Tra le fila del Carroccio, inoltre, indicano un' altra data che farà saltare il quadro definitivamente: il 30 maggio, quattro giorni dopo il voto, è attesa la sentenza sulle spese pazze in Liguria. Un processo che vede imputato Edoardo Rixi, viceministro della Lega, anche lui alle Infrastrutture. I grillini sono categorici: in caso di condanna se ne dovrà andare dopo 5 minuti. «Vogliono farci fare la fine dei Dieci piccoli indiani? Forse nemmeno arriveremo alla sentenza di Edoardo», ragionano dallo stato maggiore di via Bellerio.

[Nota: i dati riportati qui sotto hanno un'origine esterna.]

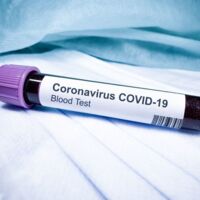 Erster bestätigter Corona-Patient im Bezirk Kirchdorf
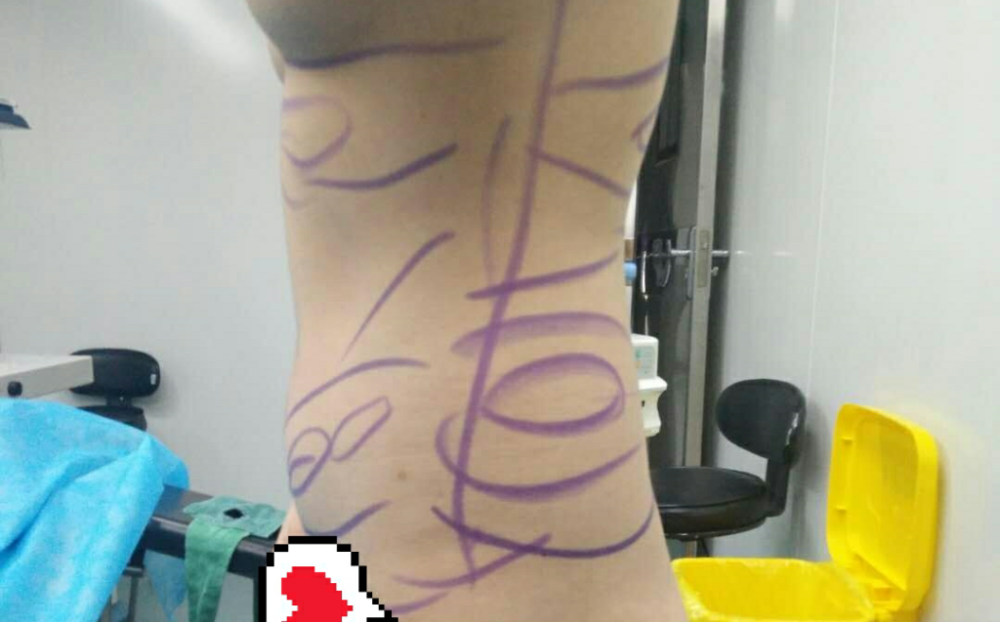 沈陽天使醫(yī)療整形醫(yī)生黃展翼做水動力腰腹吸脂技術(shù)怎么樣？附水動力腰腹吸脂案例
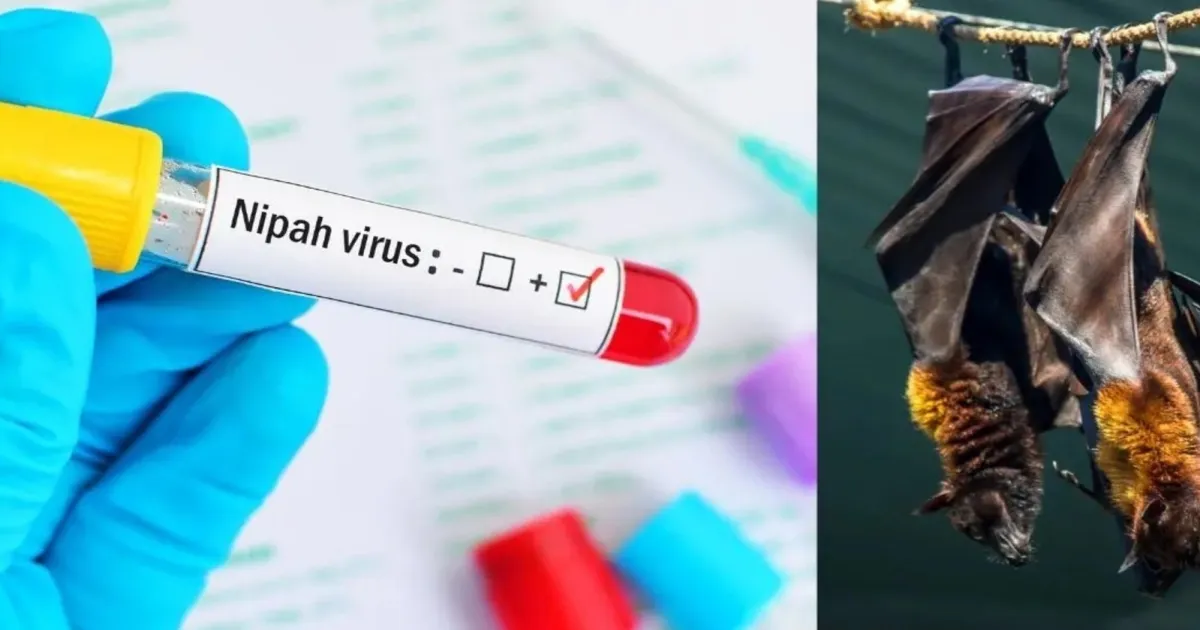 New Bat Virus Found in Bangladesh Patients with Nipah-Like Symptoms
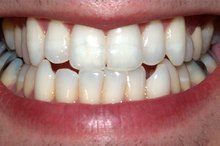 How Long Does it Take for Amoxicillin to Work on a Toothache?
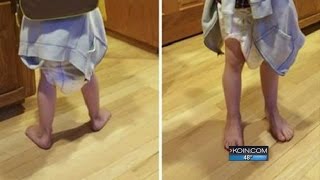 Longview elementary student sent home in diaper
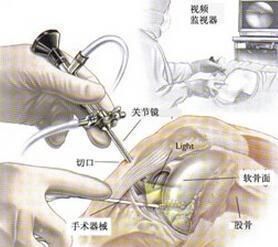 人体最容易受伤的关节是哪个关节图11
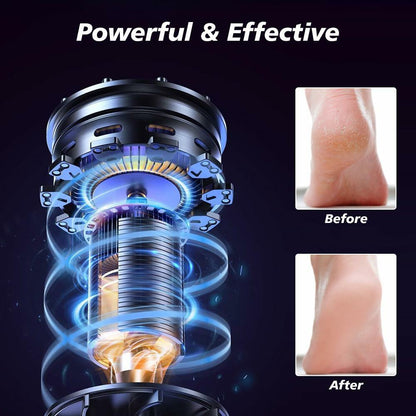 Yreihn Electric Callus Remover for Feet Purple 1 Count ABS Material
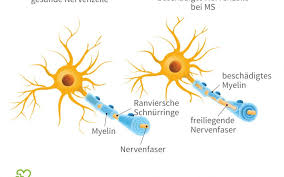 At immunsystemet angriper kroppens egne celler. Multiple Sklerose Myelinreparatur Als Therapie Ruckt In Griffweite Onmeda De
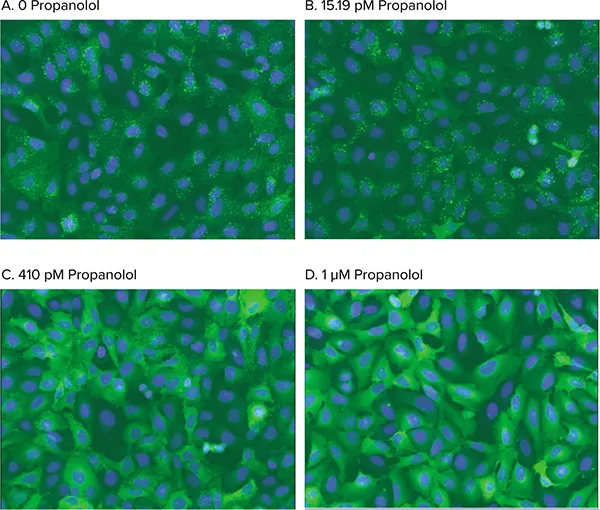 図5. 小胞形成のアゴニスト刺激。尾部修飾 ß2AR の刺激によるアレス チン-GFP 転移の用量依存的阻害の分析像。セルを 0 (A), 15.19 pM (B), 410 pM (C), または 1 µM (D) プロパノールで処理し、50 nM イソプロテレノールで刺激した。Transfluor Assay Application Moduleは、アンタゴニスト阻害によってブロックされた小胞形成を正確に同定した。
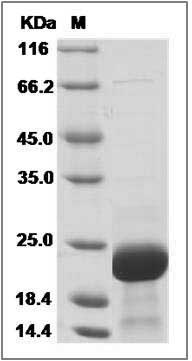 Human STMN1 / Stathmin 1 Protein (His Tag) SDS-PAGE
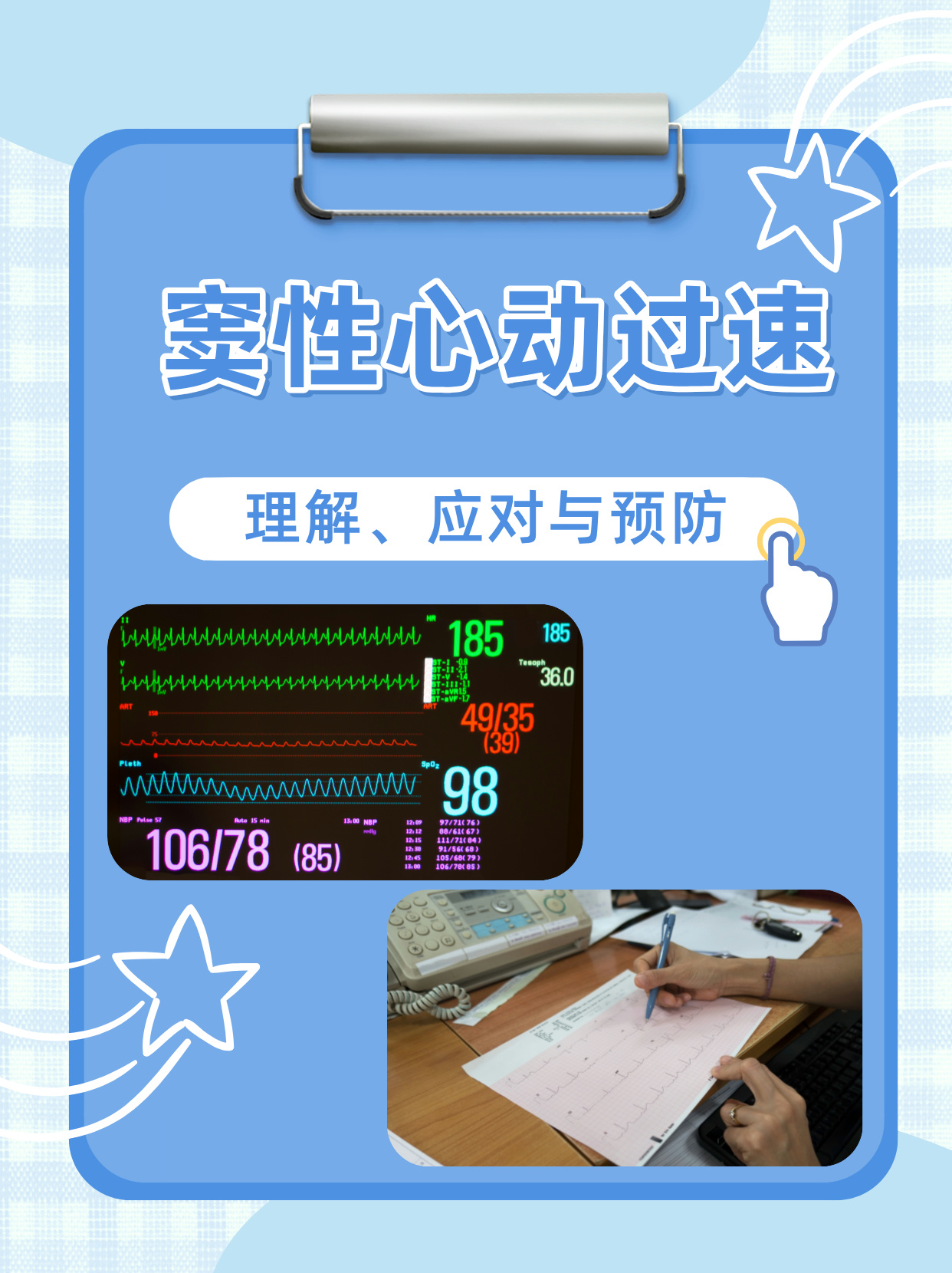 窦性心动过速需要如何治疗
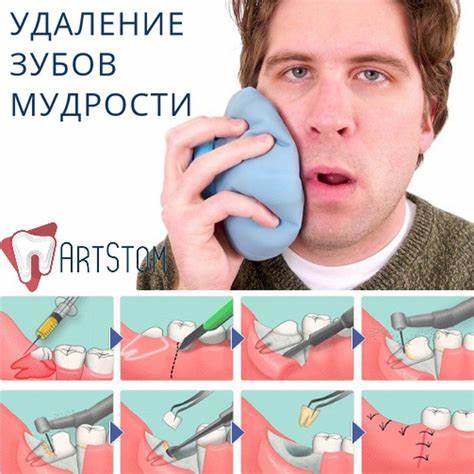 Диета при удаление зубов мудрости ‼Принимая решение о том, надо ли удалять зубы мудрости, нужно тщательно ‼Принимая решение о том, надо ли удалять зубы мудрости, нужно тщательно Диета при удаление зубов мудрости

Ieri durante il suo tour emiliano, il «Capitano» ha fatto intravedere la sua futura strategia racchiusa in questa frase: «Non rispondo agli attacchi e alle provocazioni. Se dipende da me e dalla Lega, il governo va avanti: certo è un governo che deve dire dei sì non solo dei no». Tradotto: forte del risultato elettorato, scatterà la fase incasso.
A partire per esempio dal dossier Tav o da quello dell' Autonomia. Dunque dal Carroccio si preparano all' attacco concentrico. Anche perché in caso non si arrivasse ad elezioni subito, ci sarebbe anche la carta di nuova maggioranza in Parlamento. Ipotesi che Salvini non gradisce e che rimane comunque percorribile. Fratelli d' Italia con Giorgia Meloni è pronto, gran parte Forza Italia idem. Non a caso Renato Brunetta proprio in questo marasma torna a ribadire: «Matteo vuole la Flat tax? Noi ci siamo».
LO SCHEMA
L' incontro con Orban dell' altro giorno si può leggere anche in un' altra chiave, tutta italiana. Quella di costruire un nuovo centrodestra, a trazione sovranista, che a Strasburgo poggi su un' alleanza con una parte del partito Popolare. Un laboratorio da riproporre anche in Italia, approfittando, così auspica la Lega, di un ruolo sempre più defilato di Silvio Berlusconi, alle prese a 82 anni con fisiologici problemi di salute.
Sono questi gli scenari che disegnano Salvini e i suoi uomini. Con il vicepremier in campagna elettorale permanente per le prossime settimane e i ministri chini sui dossier. Ma sempre con questo rumore di sottofondo: «Dopo le Europee partirà il vero attacco a Conte». E il primo banale incidente di merito «con gli amici dei 5 Stelle» sarà l' escamotage per far brillare il gabinetto dell'«avvocato del popolo». Magari proponendo un governo Salvini. L' anticamera della crisi. E del voto anticipato.